ROANOKE TIMES

                         Roanoke Times
                 Copyright (c) 1995, Landmark Communications, Inc.

DATE: SUNDAY, May 15, 1994                   TAG: 9405150019
SECTION: VIRGINIA                    PAGE: E-4   EDITION: METRO 
SOURCE: Associated Press
DATELINE: VIRGINIA BEACH                                LENGTH: Medium


THE CASE OF THE INSULTING ATTORNEY

Prosecutor Albert Alberi wants a Richmond defense lawyer to stop calling him names.

So Alberi, the chief deputy prosecutor for Virginia Beach, has filed a motion asking a judge to stop David Baugh from implying in court that Alberi is "brain-dead." Alberi also sent Baugh a letter informing him that the two men are no longer on speaking terms and that they should communicate in writing.

Alberi wrote that he will not discuss anything with Baugh "in person or by telephone. Conversations with your office will be limited to setting court dates. These conversations will, of course, be recorded."

A few days after Alberi filed his motion, Baugh filed one of his own, asking the state "to be compelled to resist misleading the court with intentional and erroneous authority."

In the motion, he asks the judge to make prosecutors stop misleading the court "by arguing law in bad faith."

The attorneys' verbal sparring match continued last week in court.

"I'm sorry to cause the commonwealth's attorney to get huffy," Baugh said near the end of a five-hour motions hearing in a rape case Tuesday. "I assume it's the lateness of the hour and he requires a nap. I'm just trying to defend my client."

Earlier in the same hearing, Alberi took a swipe at Baugh, who was arguing a legal point.

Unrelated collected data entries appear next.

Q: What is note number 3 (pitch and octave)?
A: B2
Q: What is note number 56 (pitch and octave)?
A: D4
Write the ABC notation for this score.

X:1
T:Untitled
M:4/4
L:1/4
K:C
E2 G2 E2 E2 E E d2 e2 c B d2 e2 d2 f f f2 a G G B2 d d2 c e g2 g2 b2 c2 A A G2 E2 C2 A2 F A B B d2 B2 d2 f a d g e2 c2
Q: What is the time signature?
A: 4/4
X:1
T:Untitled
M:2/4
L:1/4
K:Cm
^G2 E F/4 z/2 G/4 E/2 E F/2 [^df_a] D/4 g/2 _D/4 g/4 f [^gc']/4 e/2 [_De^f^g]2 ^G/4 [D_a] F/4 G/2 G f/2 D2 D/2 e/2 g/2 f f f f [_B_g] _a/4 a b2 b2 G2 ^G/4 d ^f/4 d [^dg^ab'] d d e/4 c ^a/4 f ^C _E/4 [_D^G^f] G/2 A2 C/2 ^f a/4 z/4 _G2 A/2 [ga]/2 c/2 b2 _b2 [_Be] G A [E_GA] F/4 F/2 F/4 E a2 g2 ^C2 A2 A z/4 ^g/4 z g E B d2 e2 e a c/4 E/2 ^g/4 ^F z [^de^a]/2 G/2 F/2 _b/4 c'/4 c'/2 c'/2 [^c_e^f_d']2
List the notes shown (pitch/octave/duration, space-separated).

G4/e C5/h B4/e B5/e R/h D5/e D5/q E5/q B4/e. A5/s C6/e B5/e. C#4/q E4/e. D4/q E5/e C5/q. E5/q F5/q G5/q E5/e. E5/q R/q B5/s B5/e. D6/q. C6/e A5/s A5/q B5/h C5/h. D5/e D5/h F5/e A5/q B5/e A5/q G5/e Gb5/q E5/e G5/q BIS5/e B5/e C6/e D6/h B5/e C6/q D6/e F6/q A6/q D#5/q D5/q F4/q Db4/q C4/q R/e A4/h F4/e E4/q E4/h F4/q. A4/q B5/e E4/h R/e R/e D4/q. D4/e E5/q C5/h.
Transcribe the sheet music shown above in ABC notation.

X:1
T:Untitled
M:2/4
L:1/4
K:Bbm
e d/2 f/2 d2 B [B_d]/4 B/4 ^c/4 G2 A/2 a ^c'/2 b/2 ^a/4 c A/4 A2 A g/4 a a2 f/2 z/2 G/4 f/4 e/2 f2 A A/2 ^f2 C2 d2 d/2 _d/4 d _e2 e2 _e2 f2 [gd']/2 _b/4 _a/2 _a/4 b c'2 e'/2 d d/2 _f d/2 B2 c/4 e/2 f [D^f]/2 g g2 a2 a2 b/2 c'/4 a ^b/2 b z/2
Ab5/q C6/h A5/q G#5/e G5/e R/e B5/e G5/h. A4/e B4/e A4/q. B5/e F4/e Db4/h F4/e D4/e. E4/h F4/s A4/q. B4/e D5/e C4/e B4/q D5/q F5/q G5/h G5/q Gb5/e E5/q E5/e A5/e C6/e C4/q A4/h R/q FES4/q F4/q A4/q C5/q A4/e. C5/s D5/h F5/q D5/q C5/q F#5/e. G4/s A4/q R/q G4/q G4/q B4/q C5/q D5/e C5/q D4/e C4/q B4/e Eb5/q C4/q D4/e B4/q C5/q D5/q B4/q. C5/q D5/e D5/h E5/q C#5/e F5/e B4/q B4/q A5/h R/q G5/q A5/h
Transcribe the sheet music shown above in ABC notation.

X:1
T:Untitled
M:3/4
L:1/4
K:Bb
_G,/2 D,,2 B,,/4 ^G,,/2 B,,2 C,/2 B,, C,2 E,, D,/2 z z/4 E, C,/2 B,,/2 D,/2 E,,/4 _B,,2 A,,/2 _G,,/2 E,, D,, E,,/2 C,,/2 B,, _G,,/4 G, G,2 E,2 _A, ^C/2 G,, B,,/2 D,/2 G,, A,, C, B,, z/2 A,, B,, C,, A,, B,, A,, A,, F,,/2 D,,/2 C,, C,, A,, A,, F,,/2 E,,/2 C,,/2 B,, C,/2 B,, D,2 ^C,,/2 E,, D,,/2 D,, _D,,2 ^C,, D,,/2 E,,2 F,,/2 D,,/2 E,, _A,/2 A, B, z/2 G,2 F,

"Mr. Baugh thinks my IQ is about 25," Alberi said. "I don't need endless lectures" about the legal issue.

Alberi said that he had passed up many opportunities to respond to Baugh's courtroom remarks, and he said that any perception that there had been a continuing exchange of barbs was misleading.

"I said one sentence to him at the end of about 25 hours of hearings, having had my fill of him," Alberi said.

Baugh is not new to conflict in the courtroom.

In December 1991, he got into a fistfight with Richmond Commonwealth's Attorney Joe Morrissey. Baugh had incensed Morrissey by repeatedly referring to him before the jury as the "kid from law school."

Baugh pushed Morrissey toward a window and called him a name. Morrissey responded by throwing a series of punches at Baugh's head, breaking Baugh's glasses and causing a 1-inch cut on his forehead.

A judge declared a mistrial in the case and lodged contempt of court complaints against both attorneys, saying "the conduct is the worst I've ever seen."

It is unclear when or if a judge will hear arguments on the motions filed by Baugh and Alberi. But the two will meet in the courtroom several times in the upcoming months. Baugh represents a man charged in a number of rapes in Virginia Beach. Alberi is helping to prosecute the cases.

"What I'm perturbed about is that we have four very serious cases against a guy that we can prove is a serial rapist and we won't get a fair trial," Alberi said. He said Baugh's courtroom behavior could result in the state not receiving a fair trial.